#### To do
I'd like the entries reproduced exactly, with the images omitted.

#### Records supplied

◆ ◆ ◆ ◆

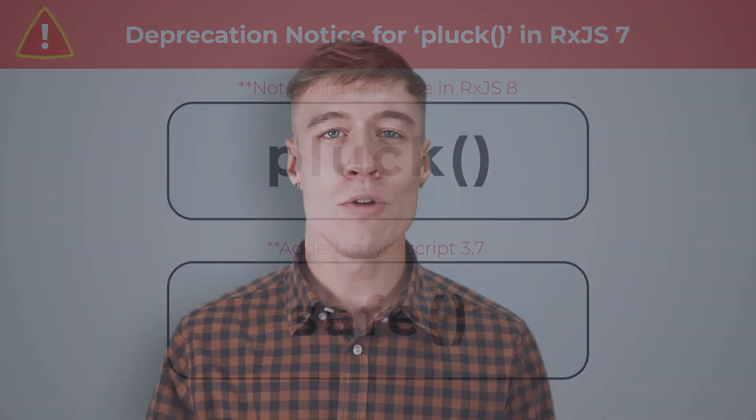I hope this short explanation of the Pluck operator was useful to you and will help in mitigating those pesky property access errors. Please make sure to check out some of the other lessons in RxJS. I'll see you in the next video.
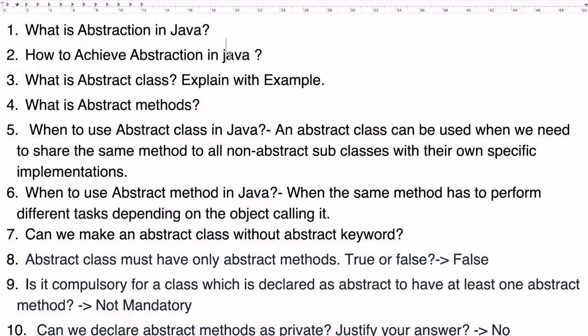Hello everyone, welcome to HJ Programming Solutions. In today's video we are going to discuss about the abstract class and the abstract method. We are going to see some examples and then we will discuss the interview questions based on the abstract class and the abstract method. So let's start with the video.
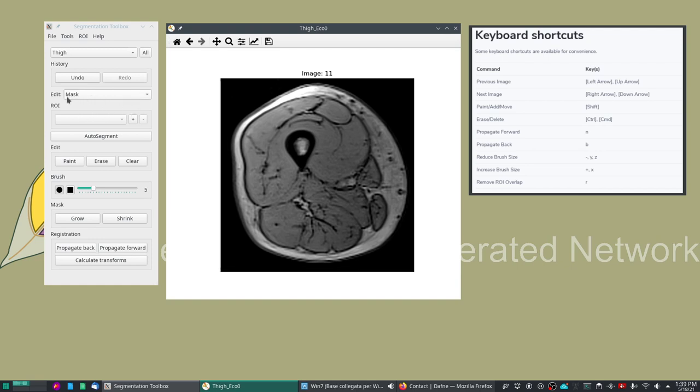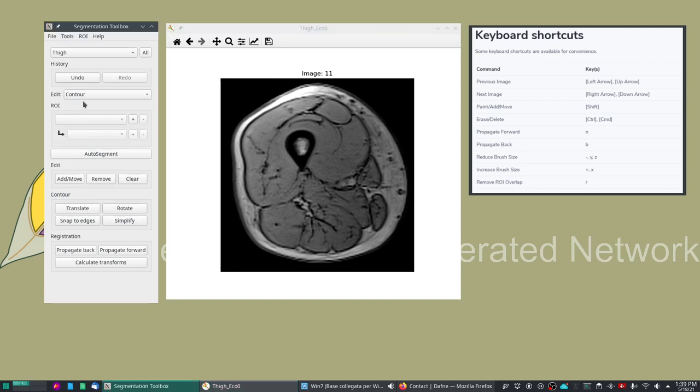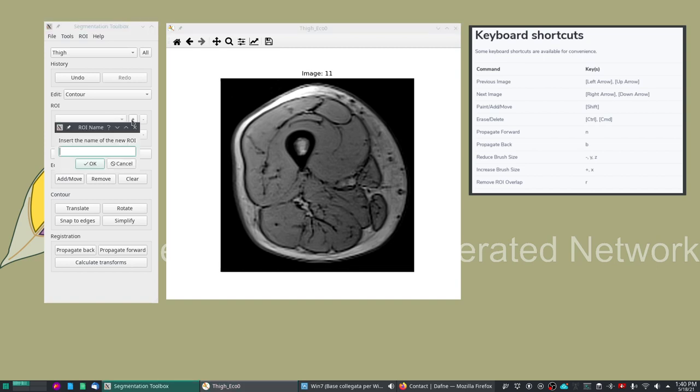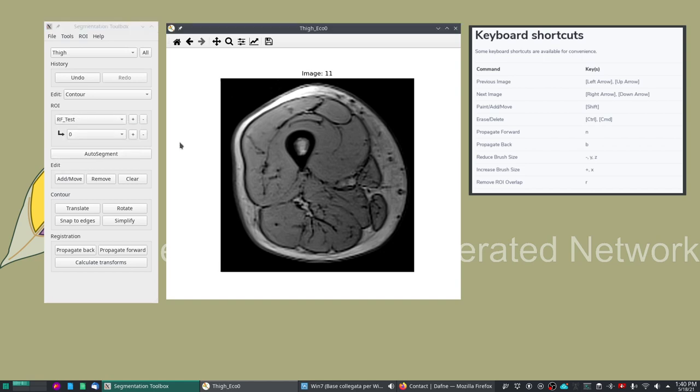First thing to mention, we have two edit modes: the mask mode which is the default mode and the contour mode. In contour mode which is useful for initial segmentation of ROIs we can define some handles around the feature and define an interpolating spline contour. For example, let's take a new ROI on the rectus femoris and we call it RF test.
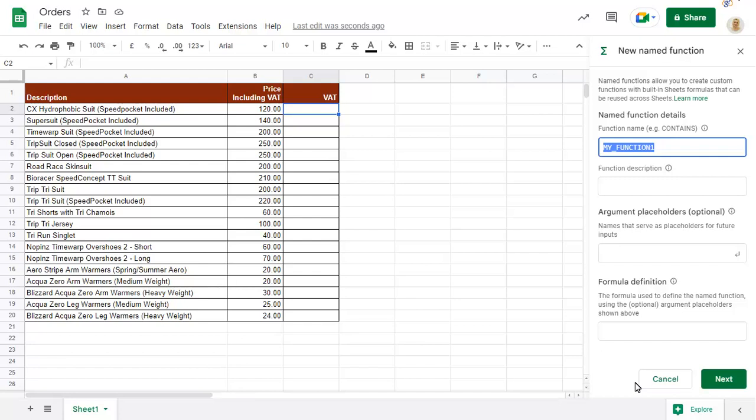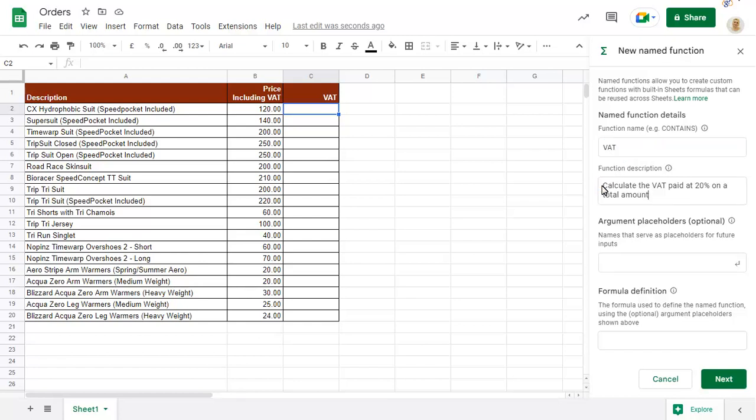Give your function a name that you'll enter after equals to start the function off in your sheet. Add a description and add a name for the first argument that will be used in the function. This will be where you choose a cell in the sheet or enter a value to be calculated.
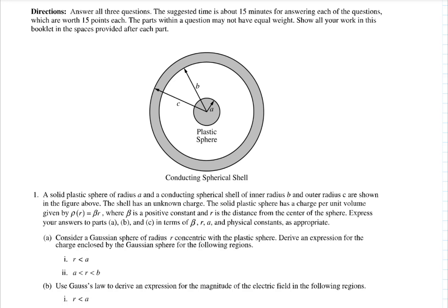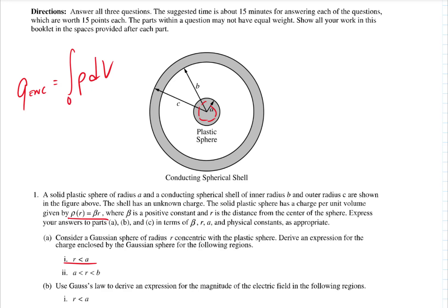For part one, R less than A, we're going to put our Gaussian sphere here. The charge enclosed by that Gaussian sphere, since we have the charge distribution as a function of R, is going to be the integral of rho times dV, integrating from zero, the very center, all the way out to R. It's important that our limits start at zero and go to R. For the next region, the limits will go from zero to A, where the charge distribution stops.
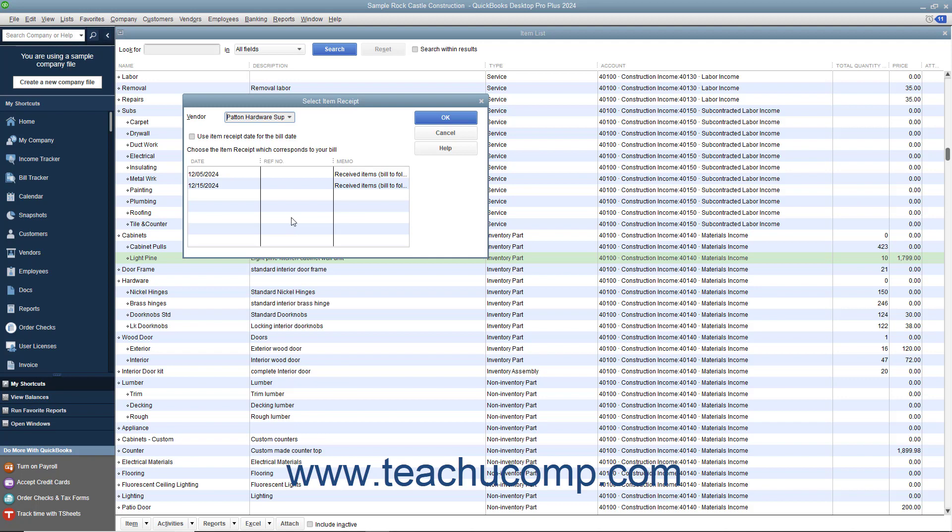If you want to use the item receipt's date as the date for the bill, then check the Use Item Receipt Date for the Bill Date checkbox. Next, select the desired item receipt to convert into a bill from the listing shown.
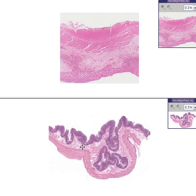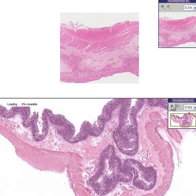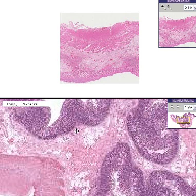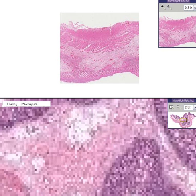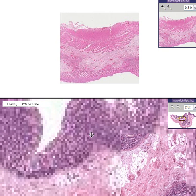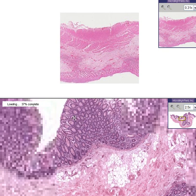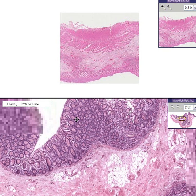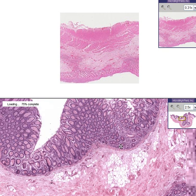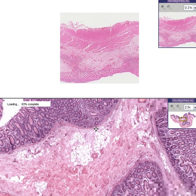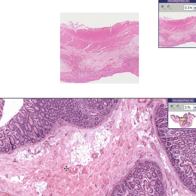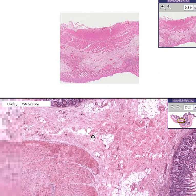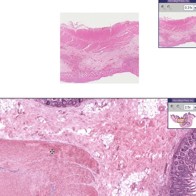Also notice that the submucosa is nice and loose. Here are the nice well-distinct mucosal glands. Here's the muscularis mucosa. Notice that the entire submucosa is nice and loose and vascular and has a little fat loose connective tissue, just like it should be before you actually get into the muscle wall layer.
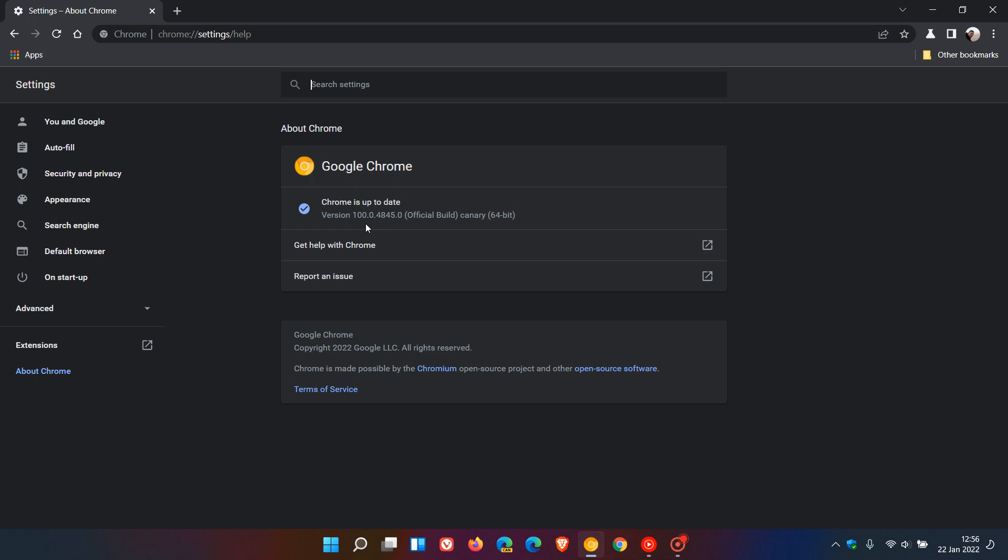And I must admit, I don't actually do too much browsing in my Google Chrome Canary version of the browser. I'll just check out new features and flags.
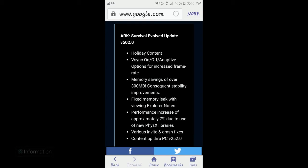fixed memory leak with viewing explorer notes, performance increase of approximately 7%, and content up through PC 5.2.0.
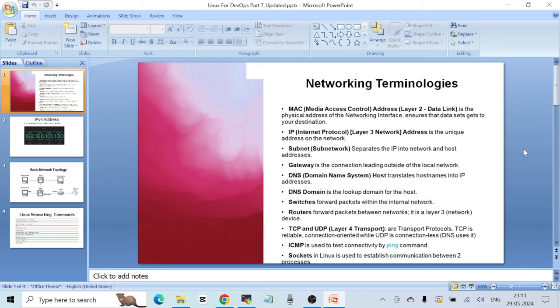MAC address comes on layer 2 of the OSI model, which is the data link layer. If you haven't watched my last video on the OSI model, the link will be in the description. MAC address is the physical address of the networking interface — it ensures that data gets to its destination. Whatever device you are working with, each device will have its hardware backend and each hardware will have its own address, called the MAC address.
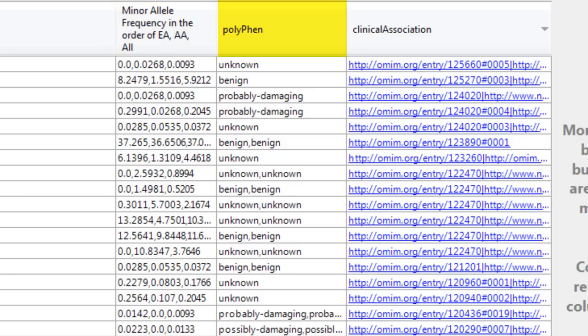polyphen predictions, and the Clinical Association annotation, which links to the online Mendelian Inheritance in Man database.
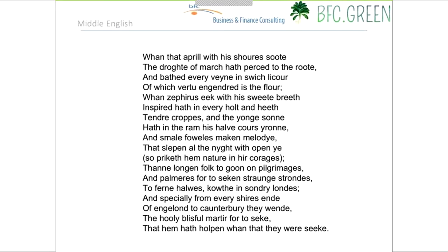When you look at this Middle English text, you can see many words that are either the same or very similar to modern English — 'when,' 'April,' 'his,' 'young son,' 'every,' 'in.' It looks like a very English text. If you look at the whole passage, you'll see connections that don't exist in an Old English text. Even as a native English speaker, I cannot read Middle English without help and make full sense of it.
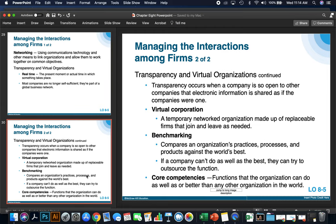Transparency occurs when a company is open and electronic information is shared as companies want. A virtual corporation is a temporary network organization made up of replaceable firms that join and leave as needed. Benchmarking happens when a company compares its best practices, processes, and products against other companies. If a company can't do as well as the best, they can try to outsource that function. Core competencies are functions that the organization can do as well or better than any other organization in the world.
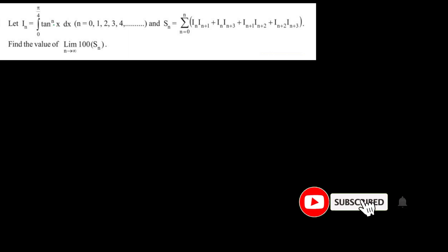Hello everyone. Our today's question is: if I of n is given as integration from 0 to pi by 4 of tan(x) raised to the power n, where n is varying from 0, 1, 2, 3 till n — you can see it's a whole number — or S of n, the summation n equal to 0 to n of I(n), I(n+1), and so on, further indexes are given. We have to find the value of this limit: n tending towards infinity, 100 times S of n.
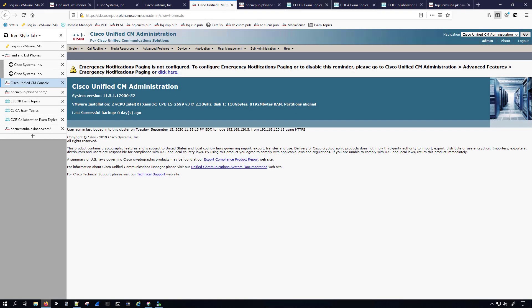Hello and thank you for coming to check out this video. We are going to continue with our Unity Connection integration, this time with SiteB CUCM. It will still be the headquarters Unity Connection but we're doing SiteB. Another difference is that we are doing SCCP (Skinny) instead of SIP.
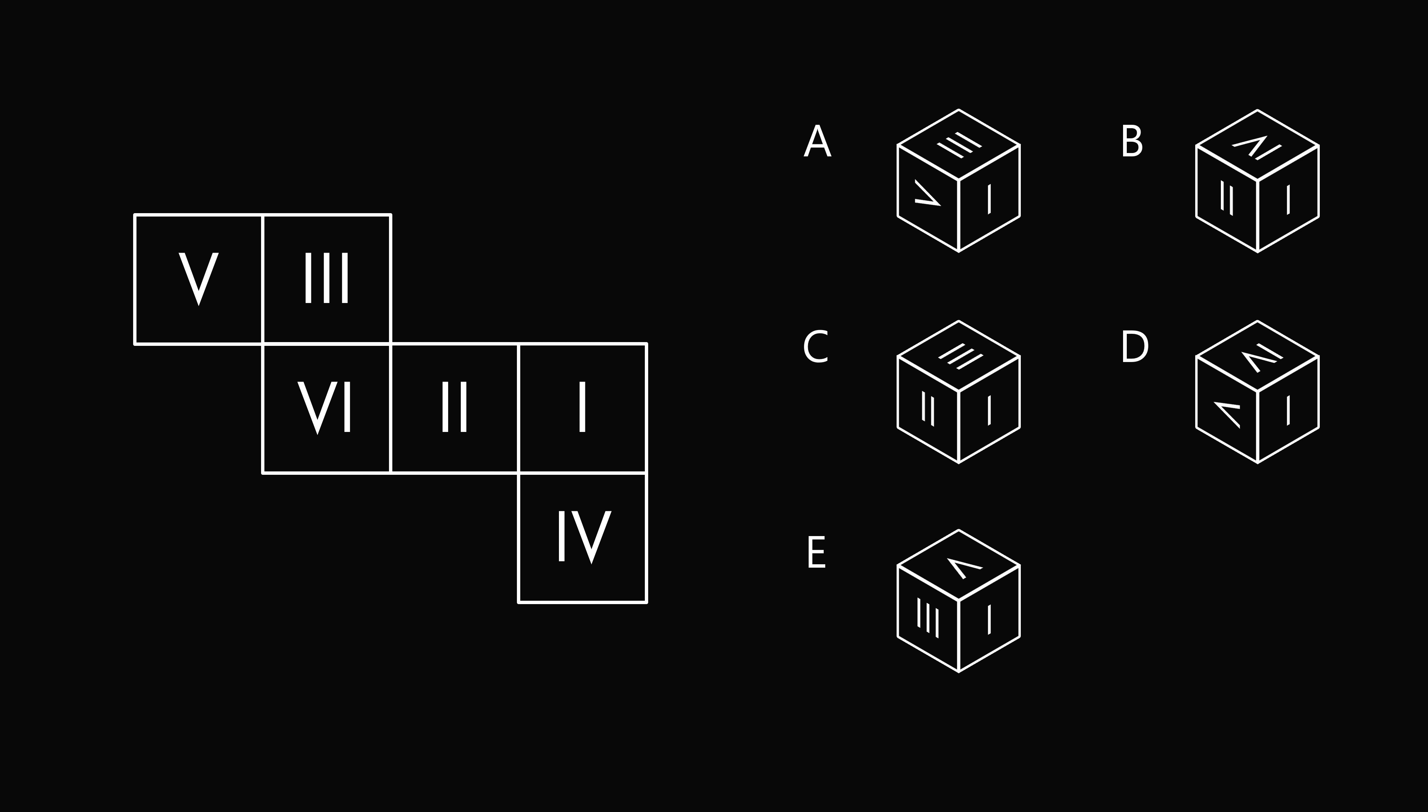We have a net which gets folded into a Roman numerical dice. Now let's look at the answer choices. All of them have the face on the right being the number one. Now this is either the number one straight up as it's shown, or it could be rotated 180 degrees because of symmetry of the Roman numeral one. So let's try to analyze some of the answer choices.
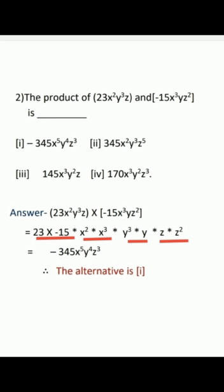The second sum: find the product of 23x²y³z and minus 15x³yz². The four alternatives are: minus 345x⁵y⁴z³; 345x²y³z⁵; 145x³y²z; and 170x³y²z³. To solve, first multiply 23 by minus 15: 23 into minus 15 is minus 345.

◆ ◆ ◆ ◆

#### Response
I hope this short explanation of the Pluck operator was useful to you and will help in mitigating those pesky property access errors. Please make sure to check out some of the other lessons in RxJS. I'll see you in the next video.
Hello everyone, welcome to HJ Programming Solutions. In today's video we are going to discuss about the abstract class and the abstract method. We are going to see some examples and then we will discuss the interview questions based on the abstract class and the abstract method. So let's start with the video.
First thing to mention, we have two edit modes: the mask mode which is the default mode and the contour mode. In contour mode which is useful for initial segmentation of ROIs we can define some handles around the feature and define an interpolating spline contour. For example, let's take a new ROI on the rectus femoris and we call it RF test.
Give your function a name that you'll enter after equals to start the function off in your sheet. Add a description and add a name for the first argument that will be used in the function. This will be where you choose a cell in the sheet or enter a value to be calculated.
For part one, R less than A, we're going to put our Gaussian sphere here. The charge enclosed by that Gaussian sphere, since we have the charge distribution as a function of R, is going to be the integral of rho times dV, integrating from zero, the very center, all the way out to R. It's important that our limits start at zero and go to R. For the next region, the limits will go from zero to A, where the charge distribution stops.
If you want to use the item receipt's date as the date for the bill, then check the Use Item Receipt Date for the Bill Date checkbox. Next, select the desired item receipt to convert into a bill from the listing shown.
Also notice that the submucosa is nice and loose. Here are the nice well-distinct mucosal glands. Here's the muscularis mucosa. Notice that the entire submucosa is nice and loose and vascular and has a little fat loose connective tissue, just like it should be before you actually get into the muscle wall layer.
And I must admit, I don't actually do too much browsing in my Google Chrome Canary version of the browser. I'll just check out new features and flags.
fixed memory leak with viewing explorer notes, performance increase of approximately 7%, and content up through PC 5.2.0.
MAC address comes on layer 2 of the OSI model, which is the data link layer. If you haven't watched my last video on the OSI model, the link will be in the description. MAC address is the physical address of the networking interface — it ensures that data gets to its destination. Whatever device you are working with, each device will have its hardware backend and each hardware will have its own address, called the MAC address.
polyphen predictions, and the Clinical Association annotation, which links to the online Mendelian Inheritance in Man database.
When you look at this Middle English text, you can see many words that are either the same or very similar to modern English — 'when,' 'April,' 'his,' 'young son,' 'every,' 'in.' It looks like a very English text. If you look at the whole passage, you'll see connections that don't exist in an Old English text. Even as a native English speaker, I cannot read Middle English without help and make full sense of it.
Transparency occurs when a company is open and electronic information is shared as companies want. A virtual corporation is a temporary network organization made up of replaceable firms that join and leave as needed. Benchmarking happens when a company compares its best practices, processes, and products against other companies. If a company can't do as well as the best, they can try to outsource that function. Core competencies are functions that the organization can do as well or better than any other organization in the world.
Hello everyone. Our today's question is: if I of n is given as integration from 0 to pi by 4 of tan(x) raised to the power n, where n is varying from 0, 1, 2, 3 till n — you can see it's a whole number — or S of n, the summation n equal to 0 to n of I(n), I(n+1), and so on, further indexes are given. We have to find the value of this limit: n tending towards infinity, 100 times S of n.
Hello and thank you for coming to check out this video. We are going to continue with our Unity Connection integration, this time with SiteB CUCM. It will still be the headquarters Unity Connection but we're doing SiteB. Another difference is that we are doing SCCP (Skinny) instead of SIP.
We have a net which gets folded into a Roman numerical dice. Now let's look at the answer choices. All of them have the face on the right being the number one. Now this is either the number one straight up as it's shown, or it could be rotated 180 degrees because of symmetry of the Roman numeral one. So let's try to analyze some of the answer choices.
The second sum: find the product of 23x²y³z and minus 15x³yz². The four alternatives are: minus 345x⁵y⁴z³; 345x²y³z⁵; 145x³y²z; and 170x³y²z³. To solve, first multiply 23 by minus 15: 23 into minus 15 is minus 345.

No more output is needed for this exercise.